Carter smiled. “I wish you could have piped some over to me.”

He didn’t notice any effect of the scotch. Not a tear, not any sentimentality. They both tried very hard to be brisk and cheerful, but they went over things they had already said in letters, they both reassured each other that Magran had not abandoned him by any means, and that he was still one of the best criminal lawyers in the country.

“Maybe the trouble is I’m not a criminal,” Carter said, and they both laughed, a little.

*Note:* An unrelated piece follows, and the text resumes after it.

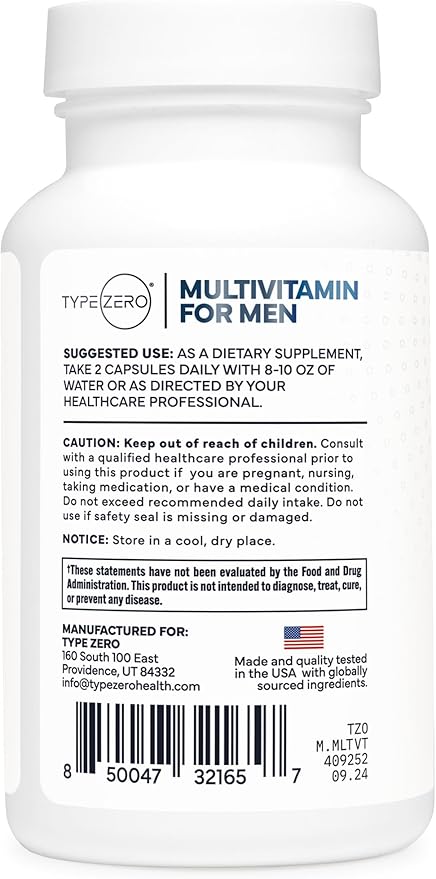 Type Zero Multivitamin Capsules for Men (120 Capsules) (1200 mg) - Gluten-Free, 60 Servings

She had received a down payment of $8,000 on the house they were selling for $15,000. This Carter already knew. Someone named Abrahol, a man with a wife and two teenaged children and a collie, were moving in on the first of August.

Their efforts at cheerfulness were rather successful, Carter thought. Both of them were smiling as Hazel got up to leave. She would manage a trip to see him “at least before Thanksgiving.” She looked back before she went out of the door, paused for an instant, and blew him a kiss. Carter was staring at her. Then she was gone—the column of pink topped with the dark brown hair which was Hazel.

He looked down at the stone floor as he walked. There was no threat of tears in his eyes. Was he turning to stone like the prison floor, like the prison? Was Hazel crying now? He stopped and looked back, as if he could have seen her, anyway, if she had been beyond the double bars of the cage. As if she would have lingered. No, Sullivan was probably waiting for her in his car outside.

Hazel’s next letters were very lively, full of descriptions of new buildings that had gone up even since she had been to New York last summer. Finally, there came what Carter had been expecting: David Sullivan was coming the last week in August, on business, and would stay about a month in the apartment of the Knowltons where he had been before. Hazel now had an apartment on East 28th Street, a walk-up with three rooms, kitchen, and bath. Carter had suspected Sullivan was going to go to New York. He was actually relieved and reassured by Hazel’s telling him outright.